● **Exercise description**: Would you return the listing that follows exactly, leaving its pictures behind?

- - - - -

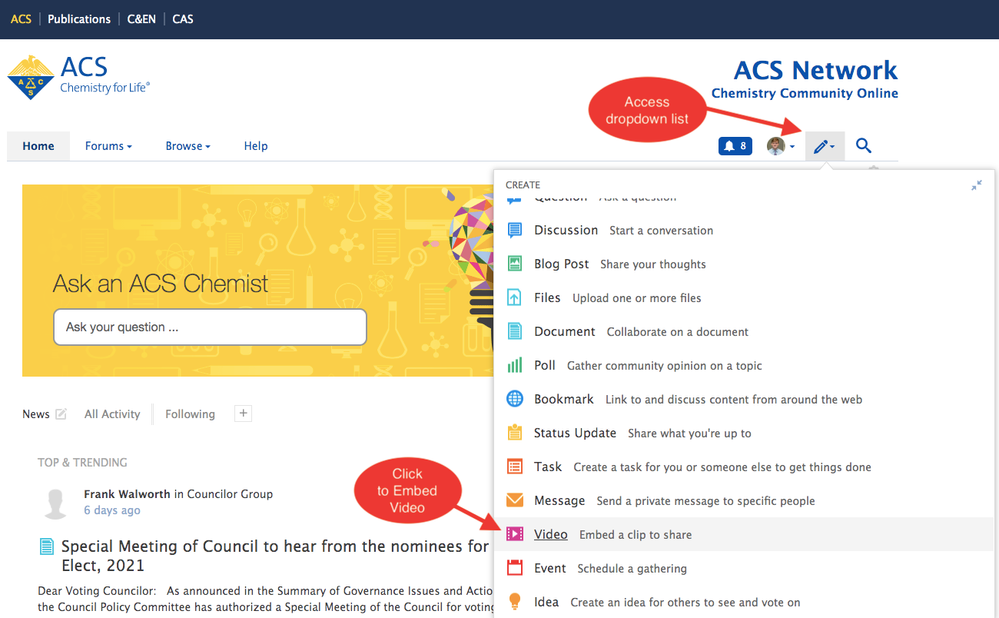 Screen Shot 2020-04-16 at 12.00.50 PM.png Screen Shot 2020-04-16 at 12.00.50 PM.png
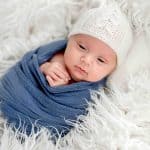 Swaddle Blanket vs. Receiving Blanket: 5 Steps To Buy a Baby Blanket
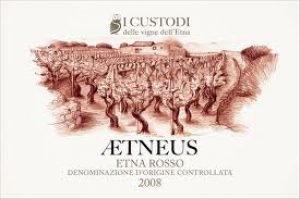 Aetneus-2008.jpg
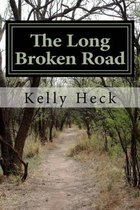 The Long Broken Road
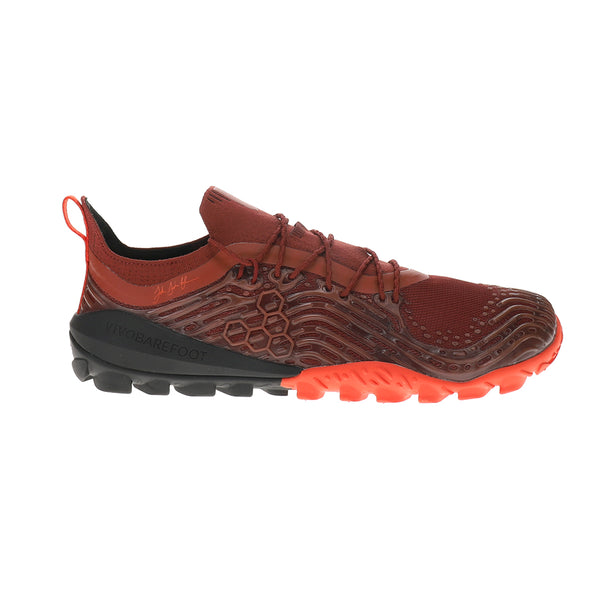 Shop Red Mens Hydra Esc JJF Trail Water Shoes – Shoebacca
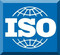 Получение сертификатов качества ИСО 9001.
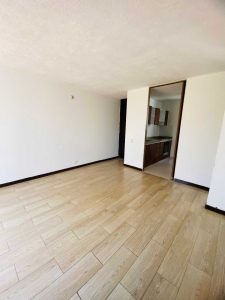 alquilo_apartamento_de_57mt2_z_1788268056-9878_5309.jpeg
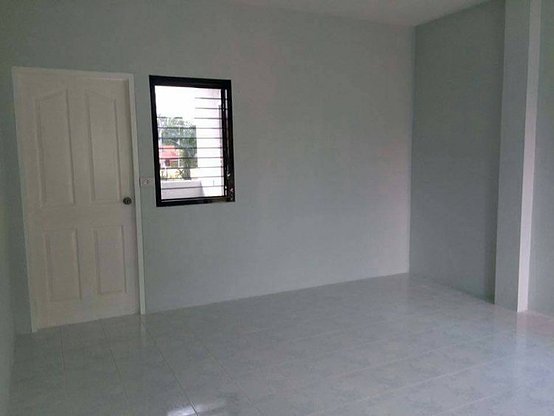1 Bed Condo · Bang Lamung, chon_buri — photo 3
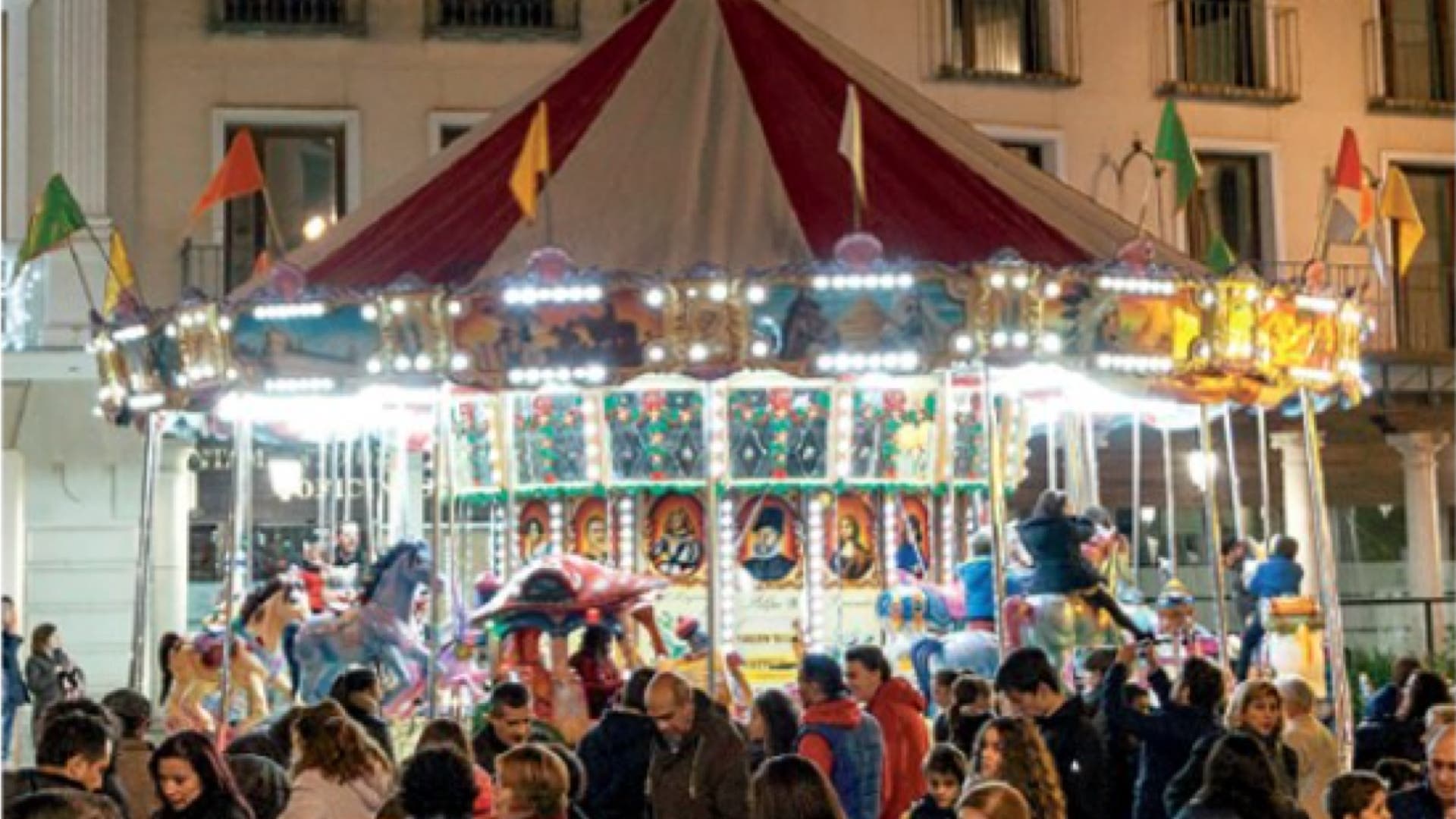 luces guadalajara 2.001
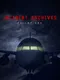 Incident Archives: Flight 882
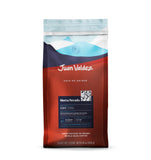 Juan Valdez® Single Origin Sierra Nevada Whole Bean Coffee, 454g Pack
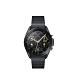 SAMSUNG GALAXY Watch 3 R840 45mm智慧手錶(鈦金屬-藍牙版) product thumbnail 1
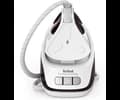 Tefal Express Essential Plus Steam Generator Purple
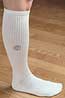 LONGSOCK.01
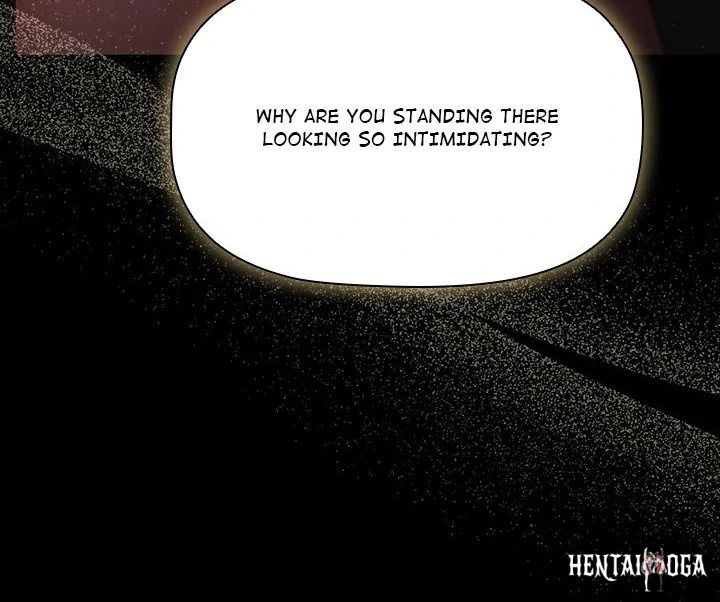 People of The Dark People of The Dark Chapter 13 - Page 106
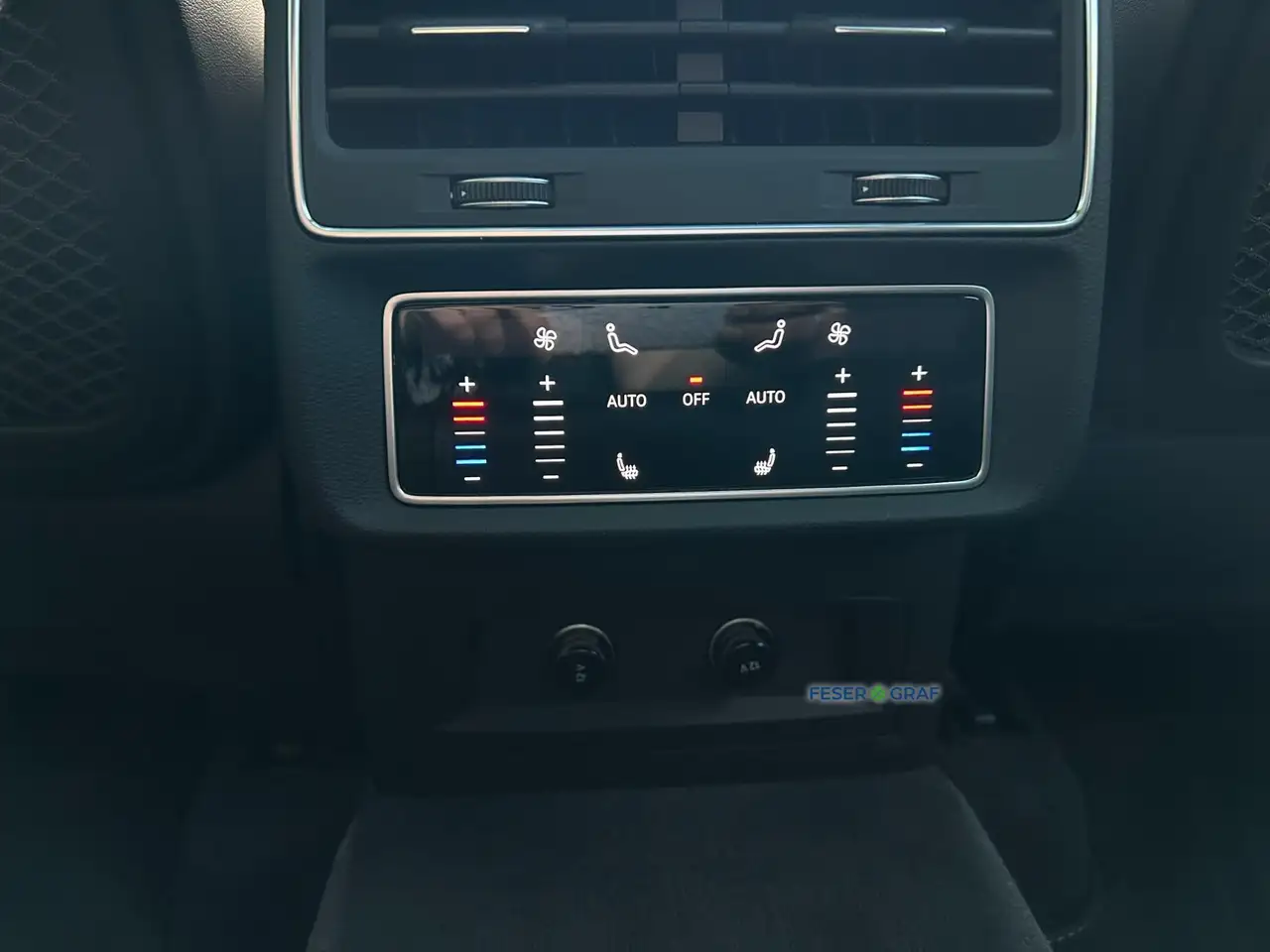 Фото машины 8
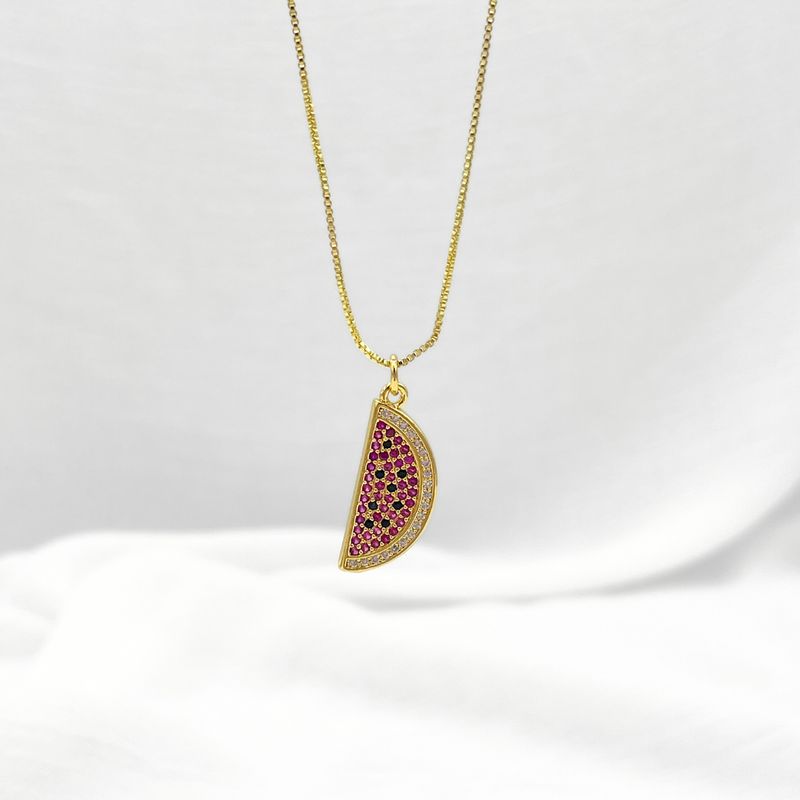 CADENA BAÑO DE ORO SANDIA CO1852G52 CADENA BAÑO DE ORO SANDIA CO1852G52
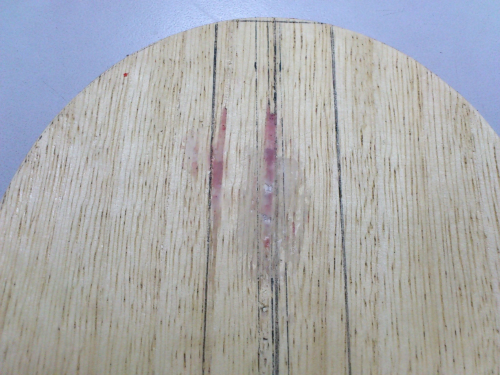 ���������up�װ� ultrapower  FL    ������T2 FL ����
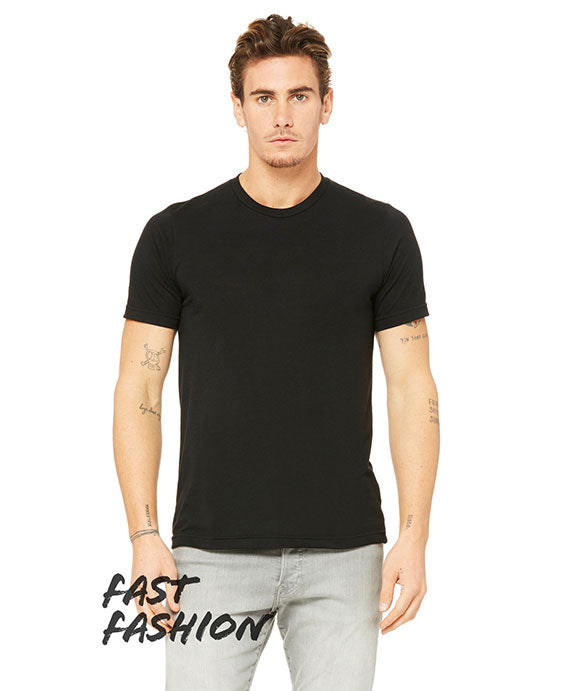 variant:Black:collection-default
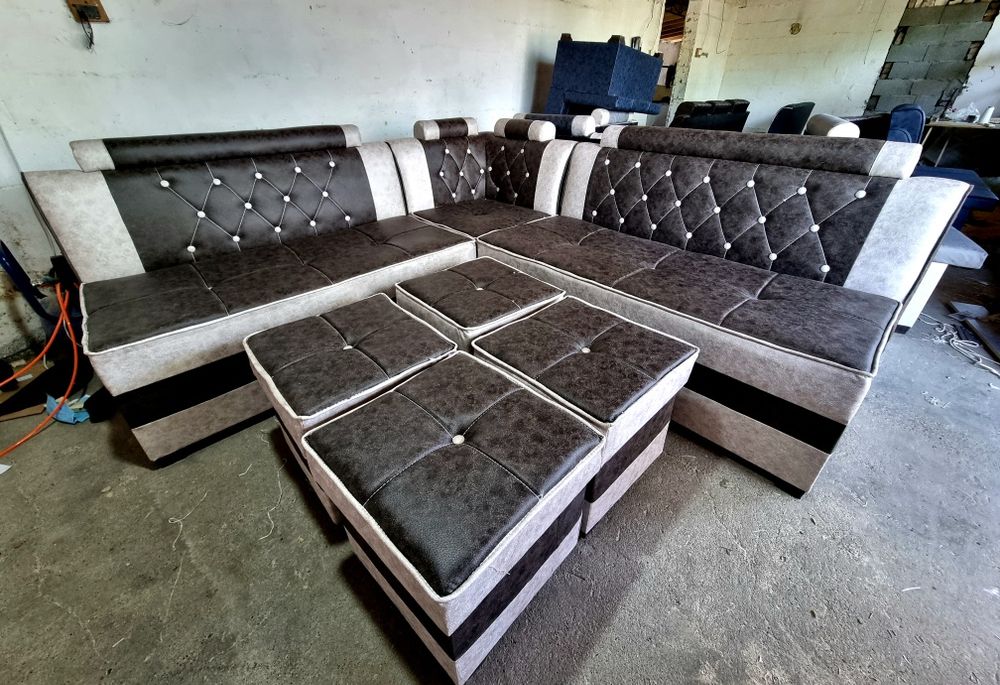 Oshhona ugaloq buyurtma asosida tayorlab beramiz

- - - - -

● **Result for this exercise**:
 Screen Shot 2020-04-16 at 12.00.50 PM.png Screen Shot 2020-04-16 at 12.00.50 PM.png
 Swaddle Blanket vs. Receiving Blanket: 5 Steps To Buy a Baby Blanket
 Aetneus-2008.jpg
 The Long Broken Road
 Shop Red Mens Hydra Esc JJF Trail Water Shoes – Shoebacca
 Получение сертификатов качества ИСО 9001.
 alquilo_apartamento_de_57mt2_z_1788268056-9878_5309.jpeg
1 Bed Condo · Bang Lamung, chon_buri — photo 3
 luces guadalajara 2.001
 Incident Archives: Flight 882
 Juan Valdez® Single Origin Sierra Nevada Whole Bean Coffee, 454g Pack
 SAMSUNG GALAXY Watch 3 R840 45mm智慧手錶(鈦金屬-藍牙版) product thumbnail 1
 Tefal Express Essential Plus Steam Generator Purple
 LONGSOCK.01
 People of The Dark People of The Dark Chapter 13 - Page 106
 Фото машины 8
 CADENA BAÑO DE ORO SANDIA CO1852G52 CADENA BAÑO DE ORO SANDIA CO1852G52
 ���������up�װ� ultrapower  FL    ������T2 FL ����
 variant:Black:collection-default
 Oshhona ugaloq buyurtma asosida tayorlab beramiz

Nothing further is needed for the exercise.